Beyond the war zone: ASU's engagement with vets expands


ASU Office for Veteran and Military Academic Engagement

Arizona State University launches the new Office for Veteran and Military Academic Engagement on Feb. 4. Developed in partnership with the Pat Tillman Veterans’ Center, the office is designed to connect veterans and university communities, and create venues that reflect veterans’ voices and experiences.  

“Veterans are a valuable resource for the university and our community,” says Provost Robert E. Page Jr. “These men and women offer a view on the world that is unique from their fellow students, faculty and staff. Our hope is that this office can help craft veteran-friendly educational settings and serve as a resource for other university and local community colleges, student and alumni veterans’ organizations.” 

The event is from 4 to 6 p.m., Feb. 4, in the Carson Ballroom in Old Main, on the Tempe campus. RSVP to attend: CLASevents@asu.edu

Having veterans’ voices reflected in education is one of the core goals of this office, says Mark von Hagen, Dean’s Fellow for Veteran Engagement and professor in the School of Historical, Philosophical and Religious Studies and the School of Politics and Global Studies

“We want to help students from diverse backgrounds successfully navigate and achieve their educational and career goals,” says von Hagen. “War and even peace, the opposite of war, is missing from any kind of forum in higher education.” 

A self-described “Air Force brat,” Von Hagen takes his task to engage and empower veterans personally. His father served as a U.S. counter-intelligence officer in Vienna, during the post-WWII four-power occupation, and later in postings in Korea, France and Germany. Von Hagen says that the younger generation of students is less likely to have parents who have served. Even those that do often don’t get to hear the stories that fathers, mothers and grandfathers tell about war or understand what service in the military entails.

As a historian, von Hagen works to capture the stories of war from those who experienced it through his oral history course, "Oral History: America’s Most Recent Wars," and will expand oral histories and public humanities through the engagement office. He also hopes to identify faculty doing, or interested in doing, research related to vets or military issues and help facilitate the involvement of veteran-students in those researches. In addition, the office will establish an internship program for undergraduates and graduate students from ASU to work in veterans’ organizations.  

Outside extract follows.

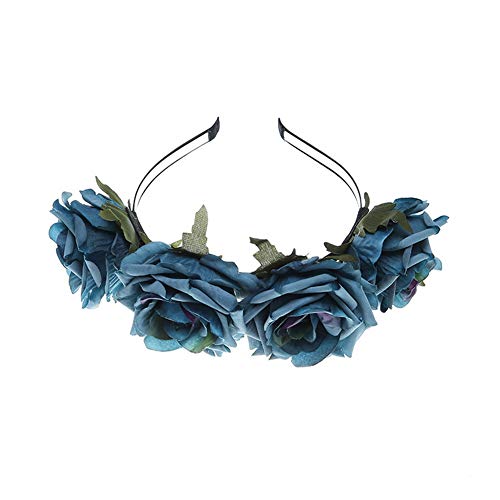 YAZILIND tela grande rosa flor Navidad accesorios para el cabello foto estudio retro diadema accesorio azul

Speakers at the launch include Provost Robert E. Page Jr, who is also an Army veteran, Dean Patrick Kenney and Steve Borden, a Naval veteran and director of the Pat Tillman Veterans Center. Also participating are ASU professors Rose Weitz, Manuel Aviles-Santiago, Erika Hughes and Karen Roth, who is also an Army veteran. In addition, two undergraduate students will speak about their experiences interviewing veterans, Chloe Westlund, history and political science double major, and Mike Biggs, history and classics double major and Army veteran. 

“Many of the veterans that my students interview mention that no one has really been interested enough to sit down and hear their story from beginning to end,” notes von Hagen. “Death and war are part of humanity. They are things that history, literature and even drama and music can help express.”